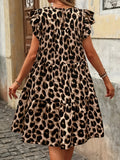 Women's 1-5XL Leopard Print A-Line Fashion Designer Midi Dresses (Plus Size)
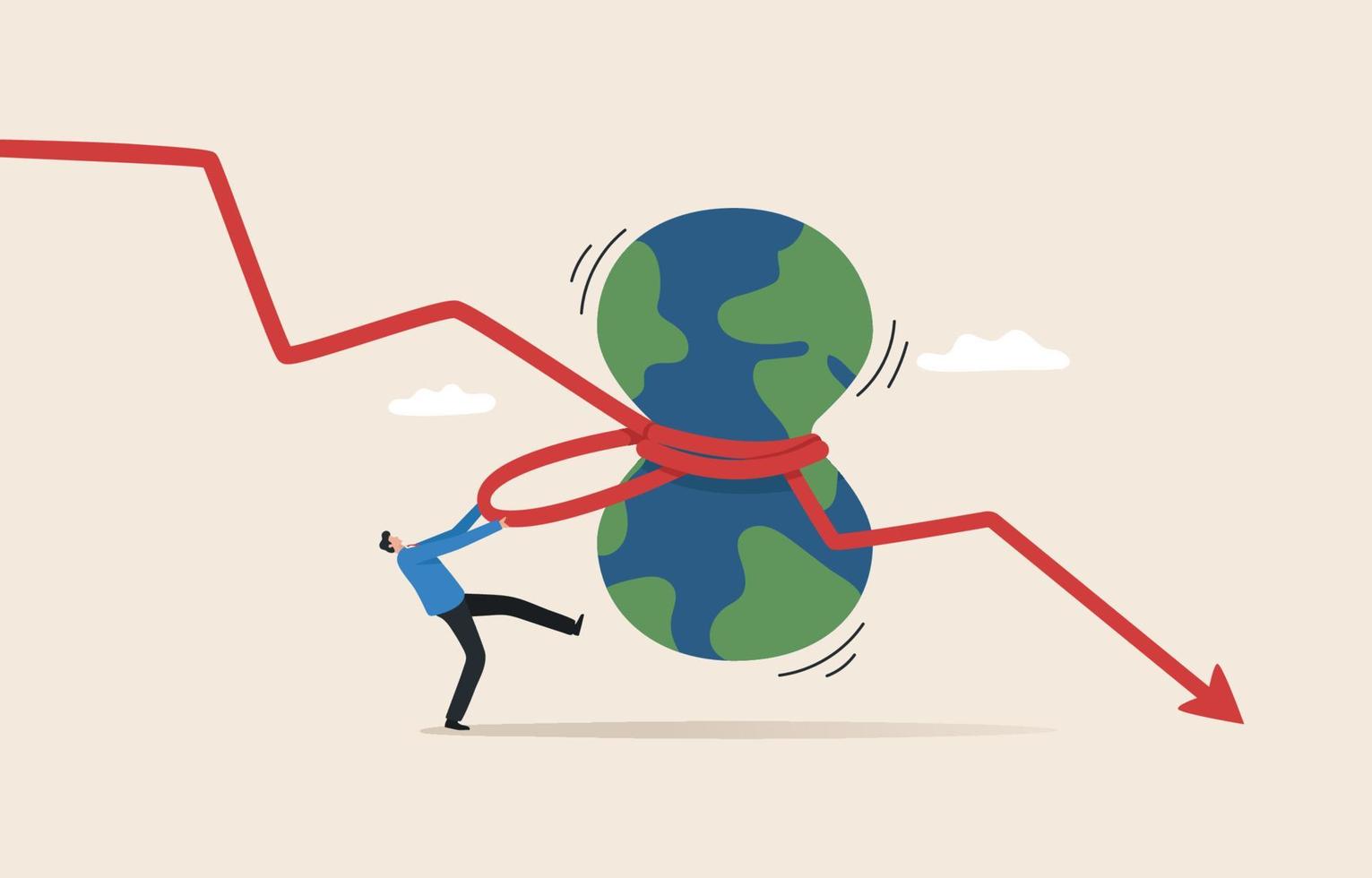 recesión económica mundial. La crisis inflacionaria afecta los precios de los activos. crisis sanitaria mundial. caída de la moneda, incluido el mercado de valores. el gráfico de flecha roja cae en el mundo. vector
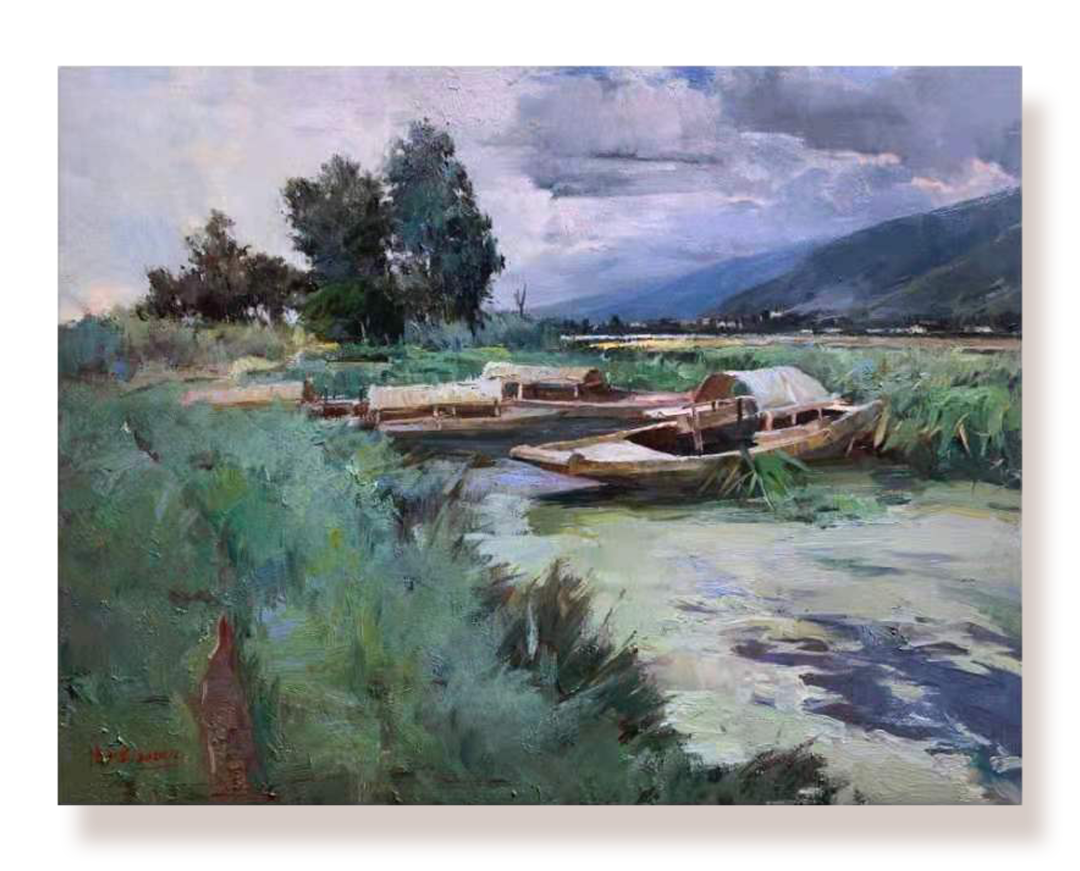 搜图 编辑 油画 《洱海之滨》 规格:50x65cm                搜图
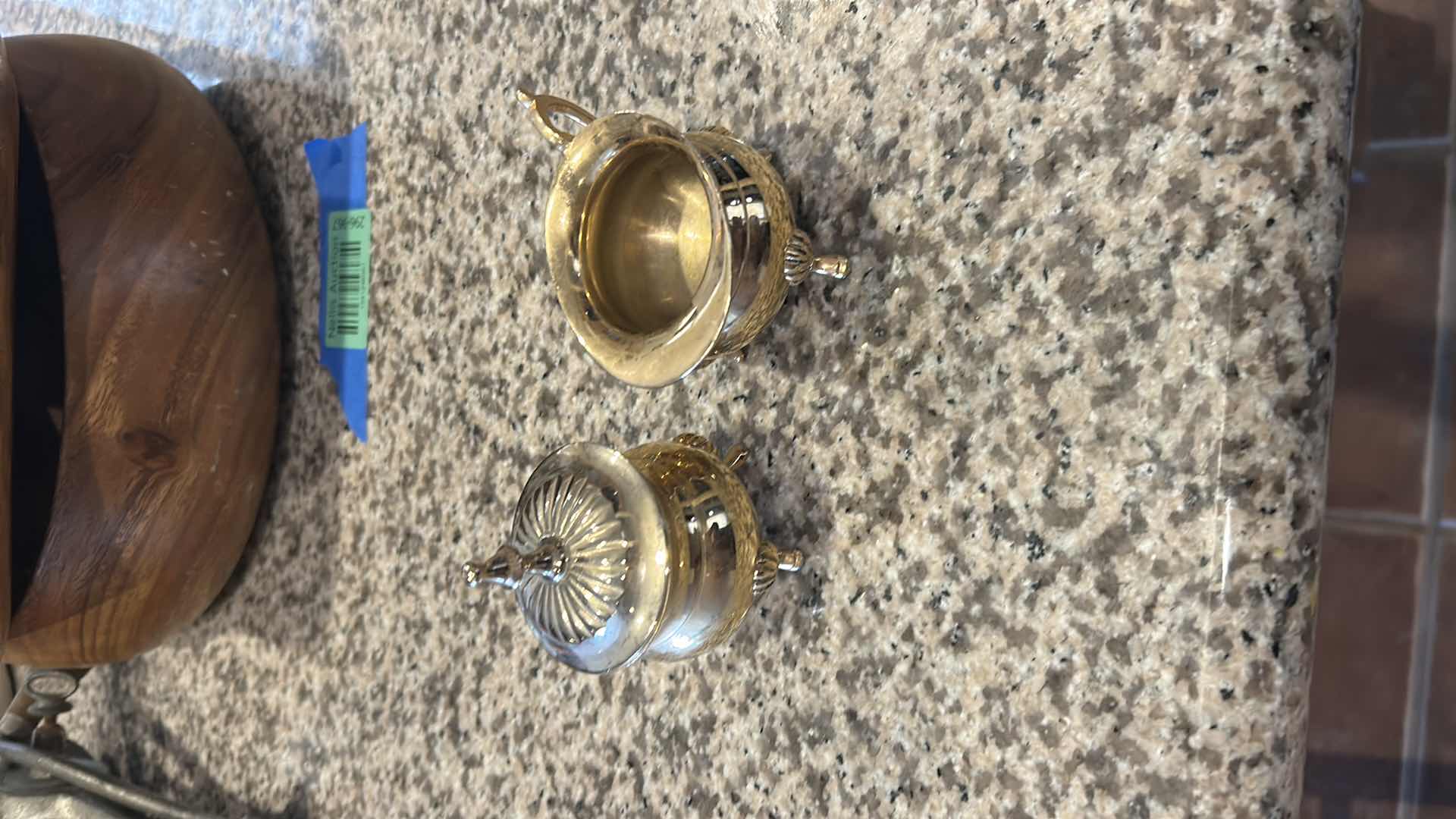 Photo 1 of 9- VINTAGE BRASS CANDLESTICKS SUGAR CREAMER FROM INDIA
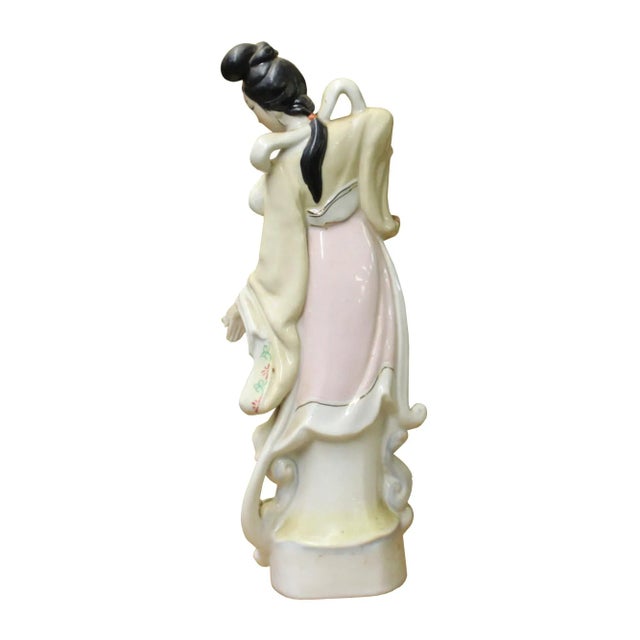 Figurative Chinese Oriental Ceramic Ancient Style Dressing Lady Figure For Sale - Image 3 of 6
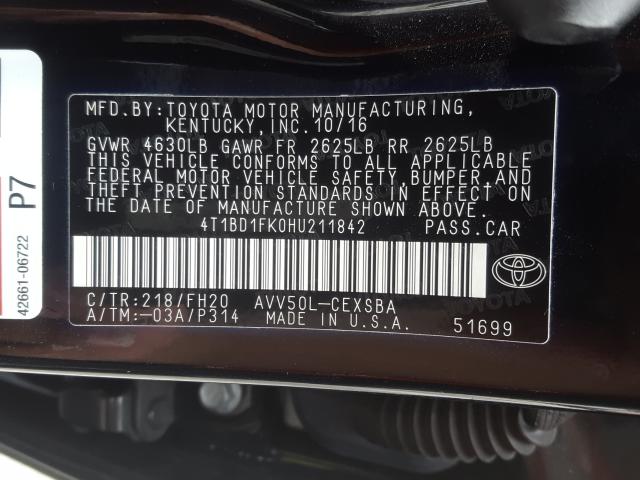 Photo 9 VIN: 4T1BD1FK0HU211842 - TOYOTA CAMRY HYBR 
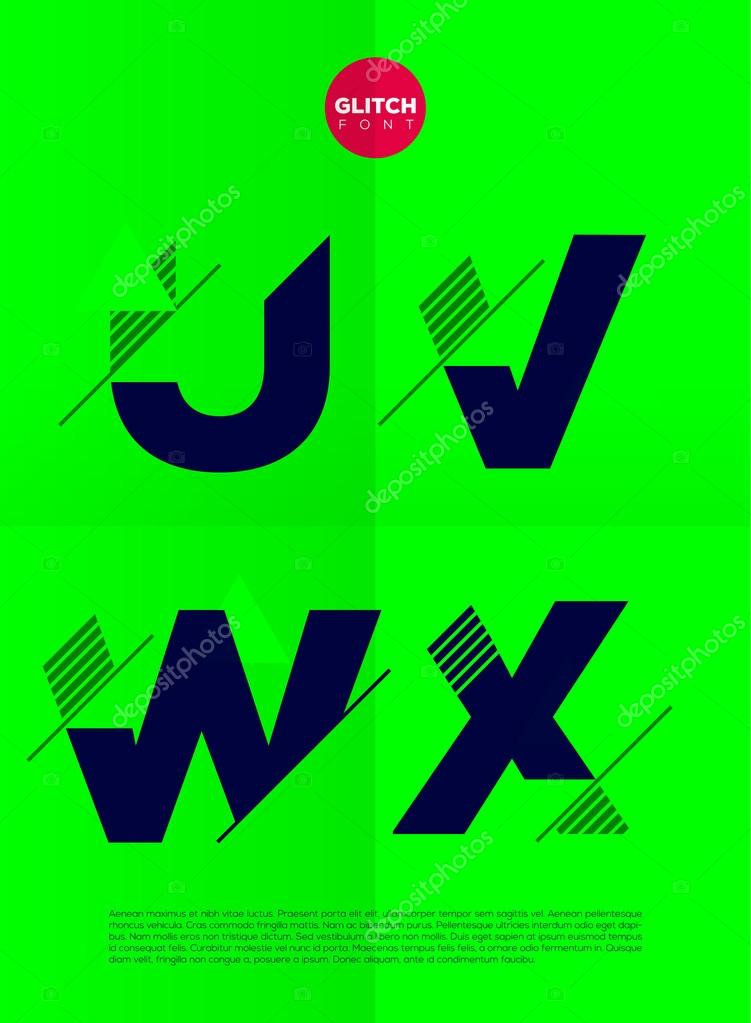 Typographic alphabet in a set. Contains vibrant colors and minimal design on a minimal abstract background. U, V, W, X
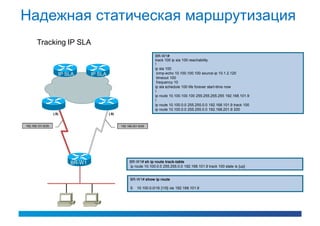 Надежная статическая маршрутизация
       Tracking IP SLA
                                                                       BR-W1#
                                                                       track 100 ip sla 100 reachability
                                                                       !
                                                                       ip sla 100
                      IP SLA      IP SLA                                icmp-echo 10.100.100.100 source-ip 10.1.2.120
                                                                        timeout 100
                                                                        frequency 10
                                                                       ip sla schedule 100 life forever start-time now
                                                                       !
                                                                       ip route 10.100.100.100 255.255.255.255 192.168.101.9
                                                                       !
                                                                       ip route 10.100.0.0 255.255.0.0 192.168.101.9 track 100
                                                                       ip route 10.100.0.0 255.255.0.0 192.168.201.9 200
                   (.9)                    (.9)


192.168.101.8/29                                  192.168.201.8/29




                          BR-W1                        BR-W1# sh ip route track-table
                                                       ip route 10.100.0.0 255.255.0.0 192.168.101.9 track 100 state is [up]


                                                        BR-W1# show ip route

                                                        S    10.100.0.0/16 [1/0] via 192.168.101.9
 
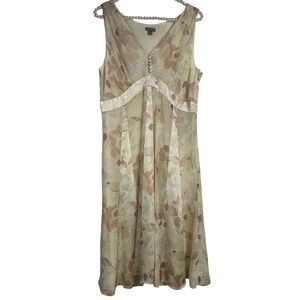 Ann Taylor Vintage 100% Silk Pastel Floral Lined Dress Sz 10 Light Butter Yellow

PROBLEM DESCRIPTION:
From the records above, copy only the lines running from the line holding "搜图 编辑 油画 《洱海之滨》" through the line holding "10.100.100.100 source-ip 10.1.2.120", with no pictures.

RESPONSE BELOW:
 搜图 编辑 油画 《洱海之滨》 规格:50x65cm                搜图
 Photo 1 of 9- VINTAGE BRASS CANDLESTICKS SUGAR CREAMER FROM INDIA
 Figurative Chinese Oriental Ceramic Ancient Style Dressing Lady Figure For Sale - Image 3 of 6
 Photo 9 VIN: 4T1BD1FK0HU211842 - TOYOTA CAMRY HYBR 
 Typographic alphabet in a set. Contains vibrant colors and minimal design on a minimal abstract background. U, V, W, X
 Надежная статическая маршрутизация
       Tracking IP SLA
                                                                       BR-W1#
                                                                       track 100 ip sla 100 reachability
                                                                       !
                                                                       ip sla 100
                      IP SLA      IP SLA                                icmp-echo 10.100.100.100 source-ip 10.1.2.120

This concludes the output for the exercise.